Bryn observed a real need in her community for canned food at the local food bank. On April 15, she decided to start a canned food drive, and hoped to collect \(4000\) cans of food by the end of June. She posted flyers and spread the word. She made the following observations.

Day Number Total Number of Cans Collected Since Beginning of Drive Increase from Previous Day
\(1\) \(2\)
\(2\) \(5\) \(3\)
\(3\) \(12\) \(7\)
\(4\) \(23\) \(11\)
\(5\) \(38\) \(15\)

Bryn noticed that the increases from one day to the next form an arithmetic sequence with first term \(3\) and common difference \(4\). (An arithmetic sequence is a sequence in which each term after the first is obtained from the previous term by adding a constant. For example, \(3,5,7,9\) is an arithmetic sequence with four terms and common difference \(2\).)

Assuming that the pattern of daily increases continues, how many days would it take to collect at least \(4000\) cans of food?

The following information may be helpful in solving the problem.

The sequence \(3,5,7,9\) is an arithmetic sequence with four terms and common difference \(2\). The term in position \(n\) is denoted \(t_n\). For example, we say that \(t_1=3\). The subscript \(1\) is the position of the term in the sequence and \(3\) is the value of the term.

The general term of an arithmetic sequence is \(t_n=a+(n-1)d\), where \(a\) is the first term, \(d\) is the common difference, and \(n\) is the term number.

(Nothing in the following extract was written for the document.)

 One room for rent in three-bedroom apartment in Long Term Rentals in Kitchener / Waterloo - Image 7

The sum, \(S_n\), of the first \(n\) terms of an arithmetic sequence can be found using either \(S_n=\dfrac{n}{2}\left(2a+(n-1)d\right)\) or \(S_n=n\left(\dfrac{t_1+t_n}{2}\right)\), where \(t_1\) is the first term of the sequence and \(t_n\) is the \(n^{th}\) term of the sequence.

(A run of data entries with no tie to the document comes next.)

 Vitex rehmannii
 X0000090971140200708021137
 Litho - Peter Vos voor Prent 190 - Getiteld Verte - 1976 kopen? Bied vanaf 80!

For example, for the arithmetic sequence \(3,5,7,9\), we have \(a=t_1=3\), \(d=2\), \(t_4=9\), and \(S_4=3+5+7+9=24\).

Also, \[\begin{aligned} \dfrac{4}{2}\left(2a+(4-1)d\right)&=\dfrac{4}{2}\left(2(3)+(4-1)2\right)\\ &=2\left(12\right)\\ &=24\\ &=S_4\end{aligned}\] And, \[\begin{aligned} 4\left(\dfrac{t_1+t_4}{2}\right) &=4\left(\dfrac{3+9}{2}\right)\\ &=4(6)\\ &=24\\ &=S_4\end{aligned}\]